Hugh rose from his knees and stood back to view the room as Cadfael was viewing it. They had seen it together, by rights their memories should match. He shot a sharp glance at Cadfael. “You see cause to doubt it?”

“I see that he was armed.”

Hugh was already looking down at the long dagger that lay so close to Cuthred’s half-open hand. He had not touched it. He stood back and touched nothing, now that he knew the discarded flesh before him was cold. “He loosed his hold as he fell. That dagger is his. It was used. There is blood on it—not his blood. Whatever happened here, it was no furtive stabbing in the back.”

That was certain. The wound was over his heart, the stiffening patch of blood from it had reached his middle. The dagger that killed this man had been withdrawn and let out his lifeblood.

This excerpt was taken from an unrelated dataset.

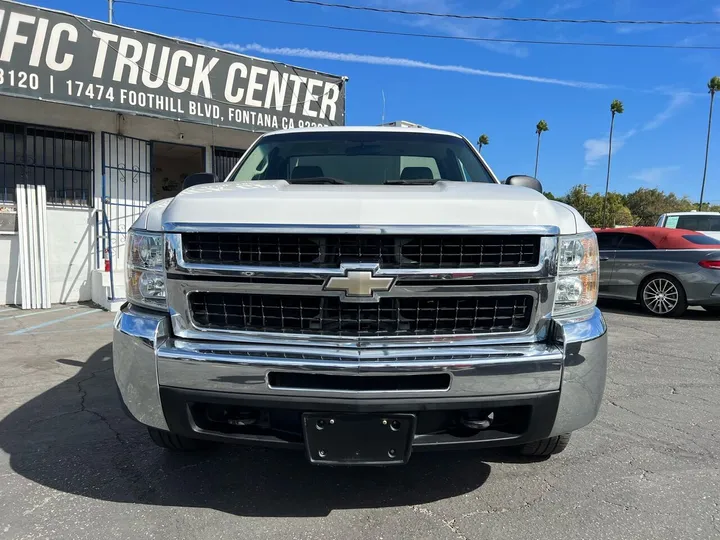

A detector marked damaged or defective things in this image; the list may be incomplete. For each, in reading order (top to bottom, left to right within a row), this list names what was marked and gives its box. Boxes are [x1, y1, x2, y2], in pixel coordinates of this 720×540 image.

cracked asphalt [1, 302, 720, 536]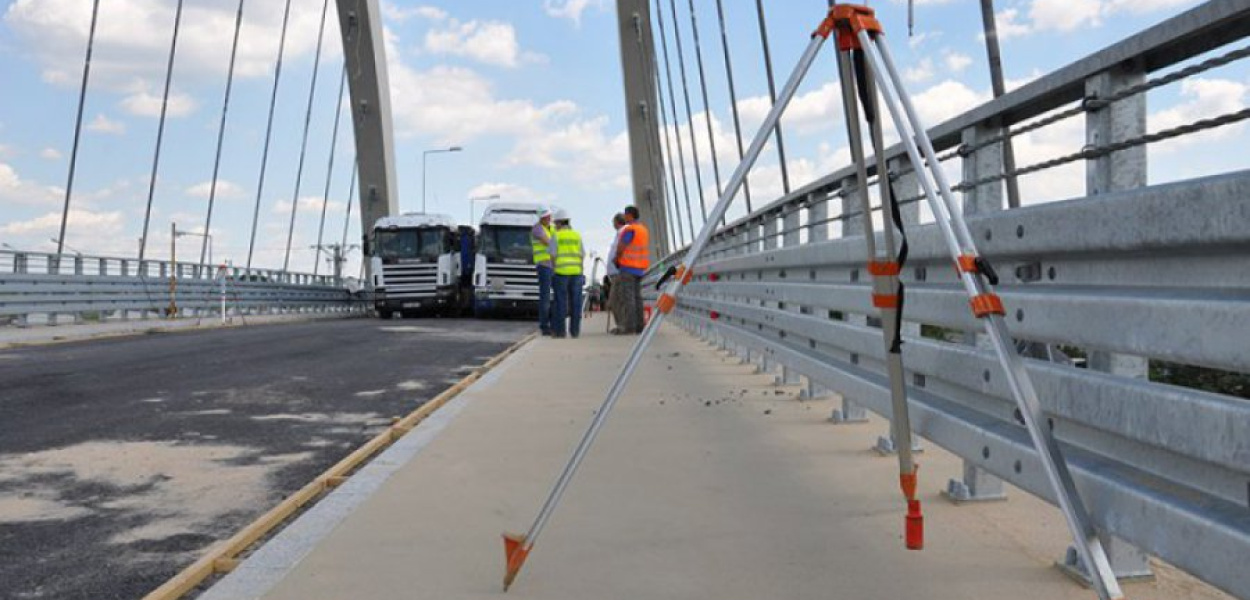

Its fellow here on the floor was stained for only a thumb’s length from its tip, and had barely shed one drop upon the stone where it lay.

“You are saying,” said the abbot, stirring out of his horrified stillness, “that this was a fight? But how should a holy hermit keep sword or dagger about him? Even for his own defence against thieves and vagabonds such a man should not resort to arms, but put his trust in God.”

“And if this was a thief,” said Cadfael, “he was a most strange one. Here are cross and candlesticks of silver, and they are not taken, not even shaken from their places in the struggle. Or else they were set right afterwards.”

“That is truth,” said the abbot, and shook his head over so inexplicable a mystery. “This was not done for robbery. But what, then? Why should any man attack a solitary religious, one without possessions by choice, one whose only valuables are the furnishings of his altar? He has lived unmolested and serviceable among us, by all accounts open and accessible to all who came with their needs and troubles. Why should anyone wish to harm him? Can this be the same hand that killed the lord of Bosiet, Hugh? Or must we fear we have two murderers loose among us?”

“There is still this lad of his,” said Hugh, frowning over the thought but unable quite to discard it. “We have not found him, and I had begun to think that he had made off westward and got clean away into Wales. But it’s still possible that he has remained close here. There may well be those who are sheltering him and believe in him. We have grounds for thinking so. If he is indeed the villein who ran from Bosiet, he had some cause to rid himself of his master. And say that Cuthred, who disowned him on hearing he had been deceived in him, found out his hiding place now—yes, then he might also have cause to kill Cuthred. All of which is mere matter for conjecture. And yet cannot be quite rejected.”

No, thought Cadfael, not until Aymer Bosiet has gone his way back to Northamptonshire, and Hyacinth can come out of hiding and speak for himself, and Eilmund and Annet, yes, and Richard, can speak for him. For between the three of them I’m sure it can be proved exactly where Hyacinth has been at all times, and he has not been here. No, we need not trouble about Hyacinth. But I wish, he thought regretfully, I wish they had let me confide in Hugh long ago.

The sun was higher in the sky by now, and found a better angle through the leafage of the trees, to shed more light upon the distorted and lamentable body. The skirts of the rusty black habit were gathered together at one side, as if a large fist had drawn them into its grasp, and there the woollen cloth was clotted with a sticky dark stain. Cadfael kneeled and drew the folds apart, and they separated with a faint, rustling reluctance. “Here he wiped his dagger,” said Cadfael, “before sheathing it again.”